Fastest way to store ints and floats on disk

Discussion in 'Python' started by Laszlo Nagy, Aug 7, 2008.

  1. Laszlo Nagy

    Laszlo Nagy Guest

    Hi,

    I'm working on a pivot table. I would like to write it in Python. I
    know, I should be doing that in C, but I would like to create a cross
    platform version which can deal with smaller databases (not more than a
    million facts).

    The data is first imported from a csv file: the user selects which
    columns contain dimension and measure data (and which columns to
    ignore). In the next step I would like to build up a database that is
    efficient enough to be used for making pivot tables.
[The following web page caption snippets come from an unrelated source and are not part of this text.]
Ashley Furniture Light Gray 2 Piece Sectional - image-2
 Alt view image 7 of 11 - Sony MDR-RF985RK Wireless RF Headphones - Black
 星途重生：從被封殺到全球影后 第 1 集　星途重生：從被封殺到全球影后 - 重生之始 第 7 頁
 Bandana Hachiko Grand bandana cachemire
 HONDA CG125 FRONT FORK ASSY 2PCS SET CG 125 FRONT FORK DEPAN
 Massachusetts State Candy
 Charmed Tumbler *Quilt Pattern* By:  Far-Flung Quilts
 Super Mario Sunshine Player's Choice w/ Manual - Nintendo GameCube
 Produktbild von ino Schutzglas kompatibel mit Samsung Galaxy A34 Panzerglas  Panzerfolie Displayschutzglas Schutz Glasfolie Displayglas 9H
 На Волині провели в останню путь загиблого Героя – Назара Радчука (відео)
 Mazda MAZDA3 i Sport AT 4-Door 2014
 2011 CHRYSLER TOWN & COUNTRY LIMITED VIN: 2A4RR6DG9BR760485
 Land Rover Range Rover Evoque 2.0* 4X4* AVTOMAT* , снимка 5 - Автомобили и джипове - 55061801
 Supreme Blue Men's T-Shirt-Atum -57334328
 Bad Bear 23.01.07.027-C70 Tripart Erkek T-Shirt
Here is my idea for
    the database:

    Original CSV file with column header and values:

    "Color","Year","Make","Price","VMax"
    Yellow,2000,Ferrari,100000,254
    Blue,2003,Volvo,50000,210

    Using the GUI, it is converted to this:

    dimensions = [
    { 'name':'Color', 'colindex:0, 'values':[ 'Red', 'Blue', 'Green',
    'Yellow' ], },
    { 'name':'Year', colindex:1, 'values':[
    1995,1999,2000,2001,2002,2003,2007 ], },
    { 'name':'Make', colindex:2, 'value':[ 'Ferrari', 'Volvo', 'Ford',
    'Lamborgini' ], },
    ]
    measures = [
    { 'name', 'Price', 'colindex':3 },
    { 'name', 'Vmax', 'colindex':4 },
    ]
    facts = [
    ( (3,2,0),(100000.0,254.0) ), # ( dimension_value_indexes,
    measure_values )
    ( (1,5,1),(50000.0,210.0) ),
    .... # Some million rows or less
    ]


    The core of the idea is that, when using a relatively small number of
    possible values for each dimension, the facts table becomes
    significantly smaller and easier to process. (Processing the facts would
    be: iterate over facts, filter out some of them, create statistical
    values of the measures, grouped by dimensions.)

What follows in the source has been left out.